Huntsville, the county seat and Orval Faubus’s hometown, had a little more than a thousand people. The Democrats held all the courthouse offices, from the judge and sheriff on down, but there were a lot of Republicans in the hills and hollows of north Arkansas, most of them descendants of people who had opposed secession in 1861. The Republicans had made a good showing in 1972, aided by the Nixon landslide, and they felt that if they could get enough absentee ballots thrown out, they might reverse the results of the local elections.
The case was tried in the old Madison County courthouse before Judge Bill Enfield, a Democrat who later became a friend and supporter of mine. The Democrats were represented by two real characters: Bill Murphy, a Fayetteville lawyer whose great passions were the American Legion, which he served as Arkansas commander, and the Democratic Party; and a local lawyer, W. Q. Hall, known as “Q,” a one-armed wit with a sense of humor as sharp as the hook affixed to his left arm. The people hauled in to testify about why they voted absentee offered a vivid picture of the fierce loyalties, rough politics, and economic pressures that shaped the lives of Arkansas hill people. One man had to defend voting absentee at the last minute, without having applied in advance, as the law required.
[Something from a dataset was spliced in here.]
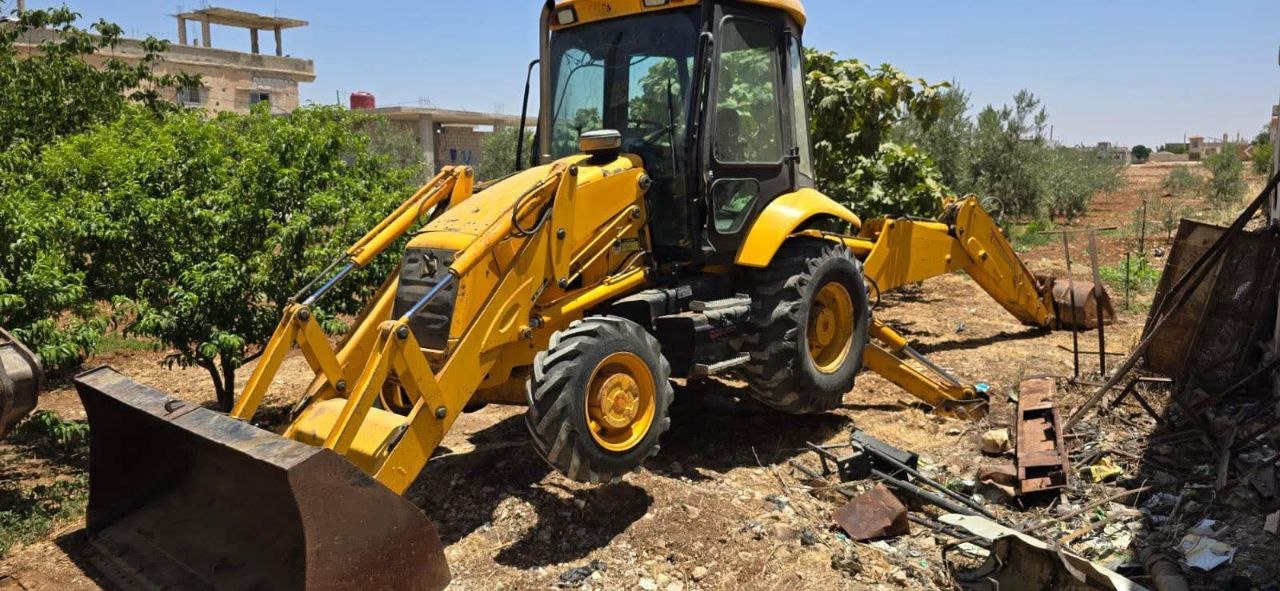 تركس للبيع في سوريا, لودر jcb 120 مديل 2004 تواجد درعا, أفضل موقع لبيع المعدات الثقيلة في سوريا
He explained that he worked for the state Game and Fish Commission, and he went down to vote on the day before the election because he had just been ordered to take the state’s only bear trap over slow mountain roads to Stone County on election day. His vote was allowed. Another man was called back from his job in Tulsa, Oklahoma, to testify. He admitted that he had lived in Tulsa for more than ten years but still voted by absentee ballot in Madison County in every election, though he was no longer a legal resident there. When the Republican lawyer pressed him on it, he said with great emotion that Madison County was his home; that he had gone to Tulsa only because he couldn’t make a living in the hills; that he didn’t know or care anything about politics there; and that in another ten years or so, as soon as he could retire, he was coming home. I can’t remember whether his vote was counted, but his attachment to his roots left a lasting impression on me.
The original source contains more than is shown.